Lorsqu’une suspicion sérieuse, étayée par des éléments concrets, apparaît, il ne faut pas hésiter à saisir l’IPI, dont le pouvoir disciplinaire est bien réel. Dans le dossier Cinagi, l’IPI, rapidement alerté, a d’ailleurs réagi sans délai : l’Institut a notamment sollicité auprès du Tribunal de première instance de Bruxelles la désignation d’un administrateur provisoire pour la société, afin d’éviter toute nouvelle dérive et de sécuriser la gestion des copropriétés concernées.
Les recommandations du SNPC pour une copropriété mieux protégée
Pour éviter qu’un cas comme celui de Cinagi ne se reproduise, le SNPC recommande :
Renforcer la vigilance du commissaire aux comptes
Contrôle régulier et minutieux des extraits de compte réels ;
Vérification systématique de la correspondance factures/prestations ;
Rédaction d’un rapport clair présenté à l’assemblée générale.
Exiger du syndic une transparence totale
Remise des extraits de compte à toute demande raisonnable ;
Mise à disposition rapide de la comptabilité ;
Utilisation obligatoire de comptes bancaires séparés par copropriété, un pour le fonds de roulement et un pour le fonds de réserve.
Encourager les copropriétaires à s’informer
Lecture attentive des procès verbaux AG ;
Participation active aux décisions, en d’autres termes aux assemblées générales ;
Demander l’organisation de réunions d’information si nécessaire.
Agir vite en cas de doute sérieux
Demander une AG extraordinaire ;
Solliciter l’avis d’un avocat spécialisé ;
Introduire une plainte à l’IPI si des faits probants apparaissent.
Mobiliser l’assurance cautionnement
En cas d’indélicatesse confirmée, chaque copropriété doit déclarer un sinistre auprès d’AXA, en tenant compte du plafond de 250 000 € par sinistre et par année d’assurance.

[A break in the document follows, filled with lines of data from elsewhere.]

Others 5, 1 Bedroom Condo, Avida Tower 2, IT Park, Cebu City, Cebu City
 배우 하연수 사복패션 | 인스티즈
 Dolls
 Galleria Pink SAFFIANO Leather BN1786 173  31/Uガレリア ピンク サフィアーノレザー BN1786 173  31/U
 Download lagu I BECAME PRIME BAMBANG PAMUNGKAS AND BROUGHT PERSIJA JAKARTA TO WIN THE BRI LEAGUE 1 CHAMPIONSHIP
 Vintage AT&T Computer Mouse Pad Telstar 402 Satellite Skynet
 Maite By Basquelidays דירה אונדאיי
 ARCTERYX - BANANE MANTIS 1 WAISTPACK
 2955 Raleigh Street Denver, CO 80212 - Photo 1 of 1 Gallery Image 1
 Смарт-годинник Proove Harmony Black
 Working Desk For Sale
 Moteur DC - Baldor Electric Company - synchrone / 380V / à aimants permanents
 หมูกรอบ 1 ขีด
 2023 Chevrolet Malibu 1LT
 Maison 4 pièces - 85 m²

Comme les détournements se sont étalés sur plusieurs années, il peut être raisonnablement défendu que pour chacune des années concernées par des faits litigieux, AXA devrait intervenir à concurrence de 250.000 euros.
Conclusion
L’affaire Cinagi n’est pas représentative du métier de syndic, exercé chaque jour avec intégrité par une très large majorité de professionnels. Mais elle rappelle que la confiance n’exclut jamais le contrôle. Grâce à des mécanismes de vérification solides, une communication transparente et une vigilance adaptée, les copropriétaires peuvent protéger efficacement leur patrimoine… et éviter que des dérives isolées ne se transforment en catastrophes financières.